It was a cool, wet, humid day. The light rain was intermittent, and the cloudy gray sky overhead just wouldn’t break. I ordered a coffee and sat at a table near the window looking out over the river and the mountains. Fog was descending over the tops of the mountains in the distance. The view was melancholy to say the least, spectacularly low-spirited in such a way that it allowed me to get into the right frame of mind for the scene I was about to write. The Rubix starts off with a murder, a string of murders that take place in a diner, and getting into that ‘mindset’ isn’t particularly easy for me. I had my ear buds in, and though I don’t usually share these details, for the sake of being transparent, I will admit that I had a song called ‘Illusions’ from Cypress Hill playing on a continuous loop. There were other songs in my arsenal that day, but that one (as an example) was a favorite. I wrote the first chapter so easily that the memory of it will always remain with me.

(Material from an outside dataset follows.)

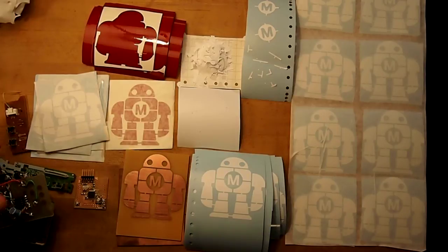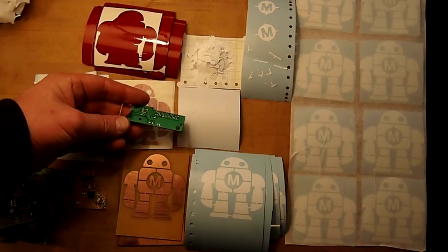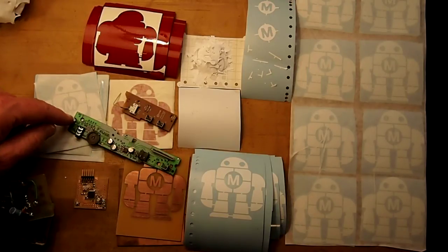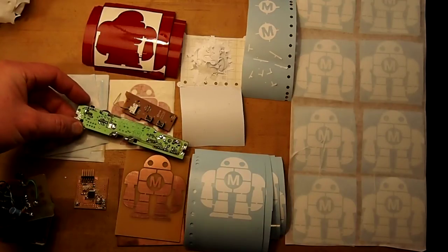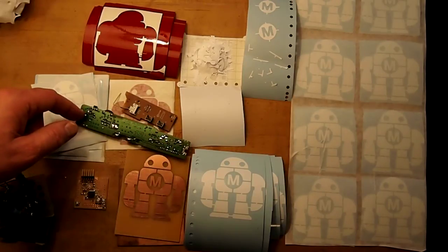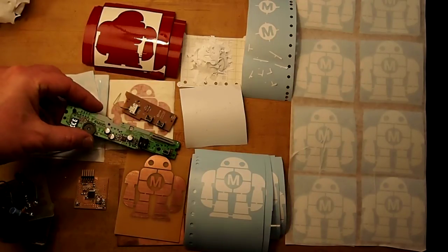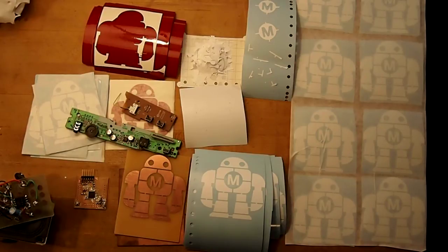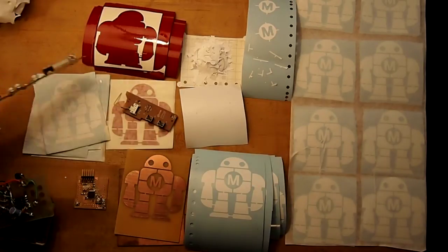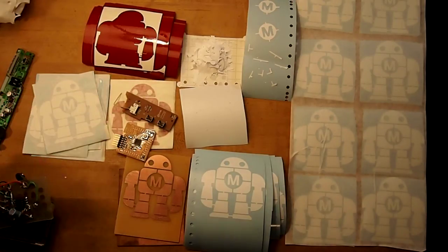These are some other circuit boards I grabbed. This is a commercially manufactured circuit board that came out of a CD drive, as did this one. Where the green is a brighter shade, that's where the copper stays in place; where it's darker, the copper has been removed. This allows the people who design the circuit to control where the electricity goes and make sure it gets to the individual components.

Location and environment directly affect the mood or inspiration/muse when I write. Along with that, music or background noise can set the tone too. That day the location was ideal. It was cold, humid, not sunny, and not very comforting.
Writing the union vows between Johnny and Darion for the book, Midnight Peak, however, was memorable for other reasons. The couple of paragraphs that became the wedding/ union vows that appear in the book were a discomfort to tackle. I had not written my own wedding vows, and couldn’t connect with the scene at all. I had avoided writing it for weeks. Pulling out all the tricks, I watched bridal shows, flipped through bridal magazines, watched romance movies, listened to ballads… but nothing was allowing me to connect with the scene that I had to write. One paragraph. It wouldn’t flow. I thought of deleting the scene—skipping over it—but the story wouldn’t allow for it. It was on the forth night of my ‘got to get this done’ frenzy, that I finally ‘got it’ and wrote the one paragraph that was needed to bridge the rest of the chapter together. How did I get it? I had been sitting in the dark until 2-3 am for four exhaustive nights at this point. The moment I let go of the importance and the pressure of writing a ‘perfect’ scene with ‘perfect’ vows… that was when everything began to flow. The part was never meant to be perfect—just exactly right for the world the characters lived in.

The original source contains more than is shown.